Conclusion: In patients with coronary CTO, MPVLR was negatively correlated with CCC and a high MPVLR level was an independent predictor of poorly formed CCC.
Introduction
Chronic total occlusion (CTO) is a serious and complex coronary artery disease. The formation of good coronary collateral circulation is particularly important for those CTO patients who would be difficult to revascularize (1). Good collateral circulation can increase myocardial perfusion to the ischemic area, improve cardiac systolic function, reduce future cardiovascular events (2–5). Methods for evaluating collateral circulation currently include coronary angiography and myocardial perfusion imaging, etc. These procedures are relatively complex and expensive. It is therefore necessary to find a simple and feasible method for evaluating and predicting the formation of CCC.

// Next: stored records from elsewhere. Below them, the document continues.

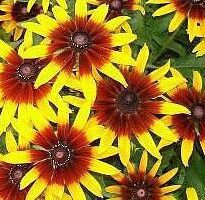 rudbeckia hirta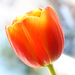 Tulipan by cherrymartina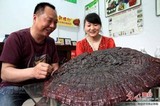 Ganoderma sichuanense image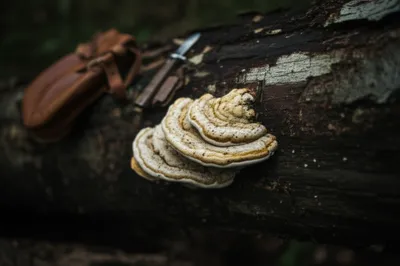 Illustration agaric - Image 1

Inflammatory response plays a key role in all stages of atherosclerosis and collateral angiogenesis (6). Mean platelet volume to lymphocyte ratio (MPVLR) is a newly discovered inflammatory index that has been studied in a variety of diseases such as strokes and hepatitis (7, 8). Mean platelet volume (MPV) is an indicator of platelet function and activation (9). Hadadi et al. (10) showed that MPV and platelet-to-lymphocyte ratio can predict the presence of CTO in patients presenting with ST-segment elevation myocardial infarction (STEMI). Hudzik et al. (11) showed that acute coronary syndrome patients with an elevated MPVLR had a higher coronary thrombosis burden, and that increased MPVLR was an independent risk factor for early and late death in patients with STEMI. Kurtul et al. (12) found that MPVLR was an independent predictor of no-reflow after percutaneous coronary intervention in patients with STEMI.

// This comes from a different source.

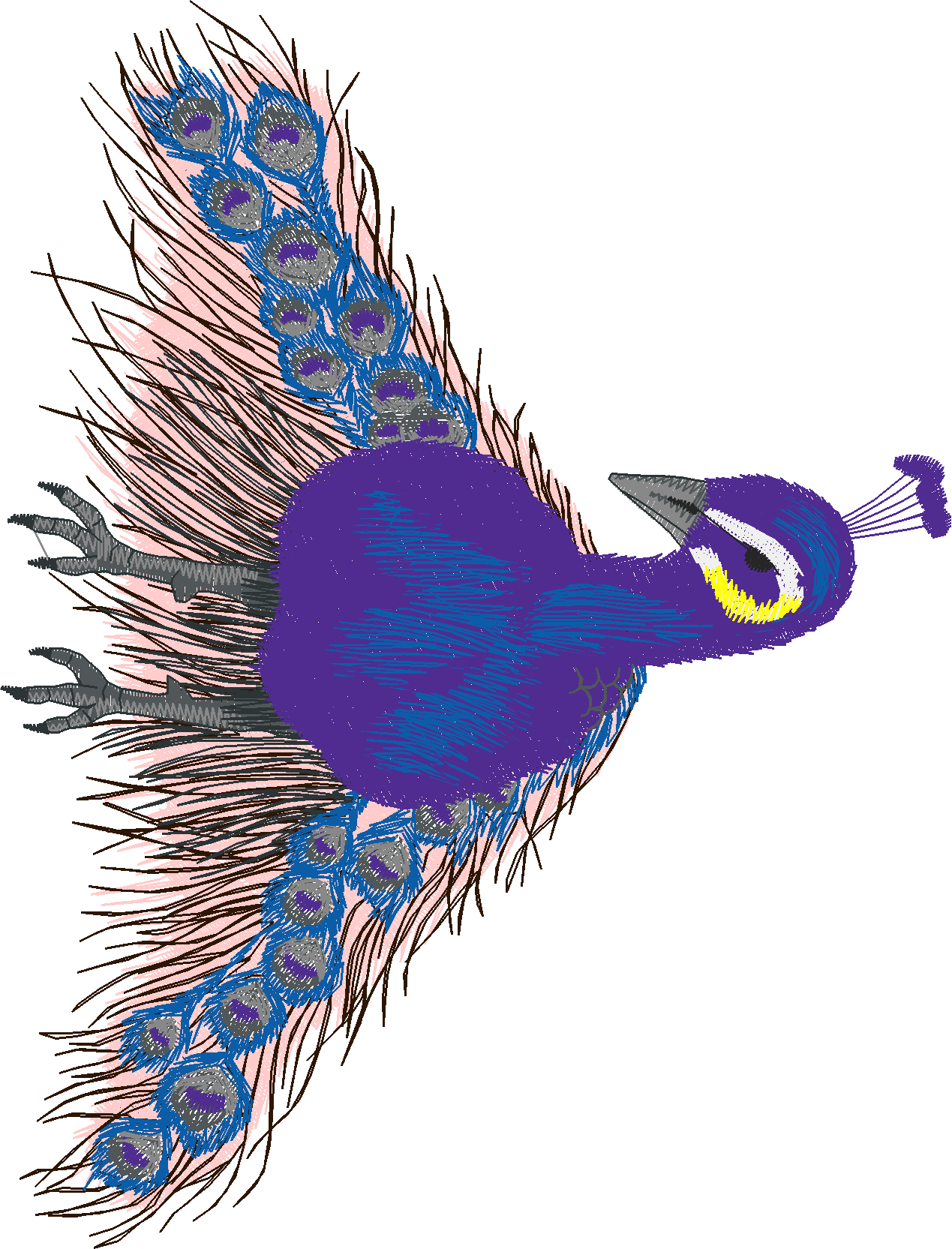 Jumbo - Peacocks 1  (8)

The formation of coronary collateral circulation is closely related to the inflammatory response. MPVLR as a comprehensive indicator reflecting platelet function and inflammatory cells may be related to the formation of coronary collateral circulation. Ornek et al. (13) preliminarily studied the correlation between MPVLR and coronary collateral circulation in patients with stable angina pectoris. There are no relevant reports of MPVLR in China. These prior studies also had small sample sizes, and therefore require further confirmation. This study therefore aimed to investigate the viability of MPVLR as a new and simple predictor of the semi quantity of compensatory collateral circulation in CTO patients.
Materials and methods
Study population
A total of 643 hospitalized patients who underwent coronary angiography at the Department of Cardiology of the First Affiliated Hospital of Zhengzhou University from January 2020 to October 2021 were enrolled. CTO lesions were confirmed in at least one major coronary artery (left anterior descending artery, LAD; left circumflex artery, LCX; and right coronary artery, RCA) via coronary angiography.

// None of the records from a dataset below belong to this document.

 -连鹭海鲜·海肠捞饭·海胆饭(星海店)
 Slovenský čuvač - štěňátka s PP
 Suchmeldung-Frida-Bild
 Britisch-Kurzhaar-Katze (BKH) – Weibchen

The diagnosis of CTO was based on the guidelines established by the 2019 European CTO Club consensus document for recanalization of CTO, which were the complete occlusion of a coronary artery for more than 3 months with TIMI grade 0 distal blood flow (14). Exclusion criteria were: (1) an acute myocardial infarction within the past 3 months; (2) percutaneous coronary intervention and/or coronary artery bypass grafting within the previous 3 months; (3) coronary myocardial bridging and/or congenital coronary malformation; (4) severe heart failure (left ventricular ejection fraction < 30%), severe heart valve disease or cardiomyopathy; (5) severe liver or renal [estimated glomerular filtration rate (eGFR) < 30 ml/min/1.73 m2] impairment; and (6) severe infectious disease, systemic inflammatory diseases, malignancy or hematological diseases. The study protocol was approved by the ethics committee of the First Affiliated Hospital of Zhengzhou University, and written informed consent was obtained from all patients.
Laboratory analysis
Clinical data collection
For cases that met the inclusion criteria, the patient’s name, gender, age, cardiovascular risk factors (hypertension, diabetes, smoking history, family history), medication history (aspirin, clopidogrel, statins, ACEI/ARB, β-blockers, calcium channel blockers), and coronary angiography data were collected. Left ventricular ejection fraction (LVEF) measured by echocardiography and the systolic blood pressure (SBP) and diastolic blood pressure (DBP) of the right upper arm at the time of admission were collected. Venous blood samples were routinely collected on the morning of the day after admission after at least 8 h after fasting. Collection included a routine basic complete blood count (white blood cell count, red blood cell count, platelet count, neutrophil, lymphocyte absolute value, and absolute value average platelet volume), total cholesterol, low-density lipoprotein cholesterol, high-density lipoprotein cholesterol, triglycerides, c-reactive protein (CRP), and creatinine. MPVLR was calculated by dividing the MPV by the lymphocyte count.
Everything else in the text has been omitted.